* _Task requirements_
Return all lines from the entries below in which the word "Gifts" is present.

* _Supplied data_
=====
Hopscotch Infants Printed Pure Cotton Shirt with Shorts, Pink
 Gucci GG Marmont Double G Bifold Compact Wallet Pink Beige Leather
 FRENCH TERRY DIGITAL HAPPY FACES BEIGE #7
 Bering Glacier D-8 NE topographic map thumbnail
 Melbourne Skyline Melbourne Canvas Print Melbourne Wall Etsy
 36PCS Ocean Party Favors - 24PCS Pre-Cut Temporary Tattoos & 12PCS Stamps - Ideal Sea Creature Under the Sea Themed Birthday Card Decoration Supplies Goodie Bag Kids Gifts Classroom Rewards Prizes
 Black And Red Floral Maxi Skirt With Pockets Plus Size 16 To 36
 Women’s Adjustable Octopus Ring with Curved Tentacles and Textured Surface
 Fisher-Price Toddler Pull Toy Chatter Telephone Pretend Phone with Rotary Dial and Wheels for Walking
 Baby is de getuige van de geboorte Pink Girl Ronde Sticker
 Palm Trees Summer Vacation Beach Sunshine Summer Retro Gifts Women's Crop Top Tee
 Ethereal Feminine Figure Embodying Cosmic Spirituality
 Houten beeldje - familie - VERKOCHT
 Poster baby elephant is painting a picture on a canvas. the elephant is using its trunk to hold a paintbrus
=====
* _Finished task_
 36PCS Ocean Party Favors - 24PCS Pre-Cut Temporary Tattoos & 12PCS Stamps - Ideal Sea Creature Under the Sea Themed Birthday Card Decoration Supplies Goodie Bag Kids Gifts Classroom Rewards Prizes
 Palm Trees Summer Vacation Beach Sunshine Summer Retro Gifts Women's Crop Top Tee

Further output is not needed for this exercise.